Disney saw a pretty successful day on Wall Street earlier this week. The entertainment giant's chairman, Bob Iger sold a stunning $98 million in shares that will ultimately go towards diversifying his portfolio for in light of his departure from the company.
Alongside its constant influx of admired content provided on its new streaming service, Disney has been making headlines by finally reopening their beloved themed parks and adding new rides and attractions.
In efforts to spruce up his portfolio before his contract wraps at the end of the year, Iger sold an impressive 550,570 shares of Disney’s stock. 537,304 of said shares were sold at the average price of $179.2, while 13,266 were sold "at an average of $179.76 each," according to the New York Post.
Barron's reports that this colossal number amounts to just about 49% of Iger's stake in the company. He still obtains more than half a million of Disney's stock, with a pretty penny of those assets going into his wife and his 401ks.

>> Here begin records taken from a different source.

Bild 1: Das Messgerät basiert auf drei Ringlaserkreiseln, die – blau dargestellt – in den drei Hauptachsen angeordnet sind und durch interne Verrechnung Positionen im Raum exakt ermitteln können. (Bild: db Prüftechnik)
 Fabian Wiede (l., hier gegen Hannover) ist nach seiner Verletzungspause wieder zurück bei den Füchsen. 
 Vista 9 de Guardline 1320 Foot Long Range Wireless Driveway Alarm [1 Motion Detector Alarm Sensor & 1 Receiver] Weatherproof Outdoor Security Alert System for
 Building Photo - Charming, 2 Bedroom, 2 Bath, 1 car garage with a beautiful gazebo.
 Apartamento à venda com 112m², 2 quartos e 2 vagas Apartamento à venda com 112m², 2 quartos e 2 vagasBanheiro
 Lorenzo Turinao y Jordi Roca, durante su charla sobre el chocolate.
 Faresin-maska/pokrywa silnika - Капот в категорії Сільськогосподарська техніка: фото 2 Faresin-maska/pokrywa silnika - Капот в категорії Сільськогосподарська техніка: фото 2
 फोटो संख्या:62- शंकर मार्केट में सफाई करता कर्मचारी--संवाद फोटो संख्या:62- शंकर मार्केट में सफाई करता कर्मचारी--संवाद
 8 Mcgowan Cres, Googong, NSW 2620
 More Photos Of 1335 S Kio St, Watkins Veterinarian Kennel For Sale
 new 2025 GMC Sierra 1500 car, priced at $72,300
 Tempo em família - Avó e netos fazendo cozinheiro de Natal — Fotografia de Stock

"The sale is part of the diversification of Mr. Iger’s portfolio, and the value of these shares reflects the significant shareholder value generated under his leadership," a spokesperson from Disney says in a statement, "with Disney’s stock price rising from just $24 a share when he became CEO in 2005 . . . "
Iger will soon be throwing in the towel at Disney, announcing his departure earlier back in March. When he leaves his 16 year career with the company in December, he'll be passing the torch of his reign to Disney's freshly appointed CEO, Bob Chapek.
Though, the shift of power doesn't seem to be going as smoothly as one would expect. Disney's team of higher ups have found themselves struggling to become accustomed to what their new work environment will be once Iger has left Chapek in charge.
While Iger's approach of doing business relied more on negotiation and well rounded debate with his colleagues, claims from creditable inside sources shows Chapek doing more task assigning and decision making of his own volition.
Some say that Chapek is simply "coming into his own." Others, like the anonymous executive who gave a statement to Variety, claim that folks are "becoming more and more deferential to Chapek."
"Things are radically different than they were six months ago," the source goes on to say.